Dr. Ben Wedro practices emergency medicine at Gundersen Clinic, a regional trauma center in La Crosse, Wisconsin. His background includes undergraduate and medical studies at the University of Alberta, a Family Practice internship at Queen's University in Kingston, Ontario and residency training in Emergency Medicine at the University of Oklahoma Health Sciences Center.
Melissa Conrad Stöppler, MD, is a U.S. board-certified Anatomic Pathologist with subspecialty training in the fields of Experimental and Molecular Pathology. Dr. Stöppler's educational background includes a BA with Highest Distinction from the University of Virginia and an MD from the University of North Carolina. She completed residency training in Anatomic Pathology at Georgetown University followed by subspecialty fellowship training in molecular diagnostics and experimental pathology.
Medical Author: Benjamin C. Wedro, MD, FAAEM
Medical Editor: Melissa Conrad Stöppler, MD
The ambulance call comes in.
"We're running lights and siren with a 67 year old male.

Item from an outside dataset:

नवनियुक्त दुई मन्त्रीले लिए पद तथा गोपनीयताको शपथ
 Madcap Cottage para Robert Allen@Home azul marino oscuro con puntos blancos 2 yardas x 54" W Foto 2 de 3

He's confused, lethargic, blood pressure 80 over 40, thready pulse (a pulse that
is very fine and barely perceptible) and sweaty. We'll be at your
door in a couple of minutes."
The nurses start setting up the equipment to care for the patient. We've been
through this drill before when someone arrives at the ER with low blood
pressure. I hope it's an easy diagnosis and something that we can treat quickly.
IV's are set up, monitor pads ready. The respiratory tech arrives with her
machines just in case they are needed.
The EMTS unload a man in obvious distress, sweaty, struggling to breathe, and
limp.
"He's had a fever for a couple of days with a
cough. Past history of
COPD, heart problems, and
smokes."
The diagnosis could be easy, but there are a variety of factors that could
be causing this man's condition. He is in
shock; his
blood
pressure is so low there is not
enough pressure to provide blood flow and oxygen to his brain. That's why he is
lethargic. No doubt the rest of his organs are at risk too. But why?
The word shock is used differently by the medical community and the general public. The connotation by the public is an intense emotional reaction to a
stressful situation
or bad news. The medical definition of shock is much different.
Medically, shock is defined as a condition where the tissues in the body don't receive enough oxygen and nutrients to allow the cells to function. This ultimately leads to cellular death, progressing to organ failure, and finally,
if untreated, whole body failure and death.
How the body works
Cells need two things to function: oxygen and glucose. This allows the cells to generate energy and do their specific jobs.
Oxygen in the air enters the body through the lungs; where oxygen molecules cross into the smallest blood vessels, the capillaries, and are picked up by red blood cells and attached to hemoglobin molecules. The red blood cells are pushed through the body by the actions of the pumping heart and deliver the oxygen to cells in all the tissues of the body. The hemoglobin then picks up carbon dioxide, the waste product of metabolism, where it is then taken back to the lungs and breathed
out into the air, whereby the whole cycle begins again.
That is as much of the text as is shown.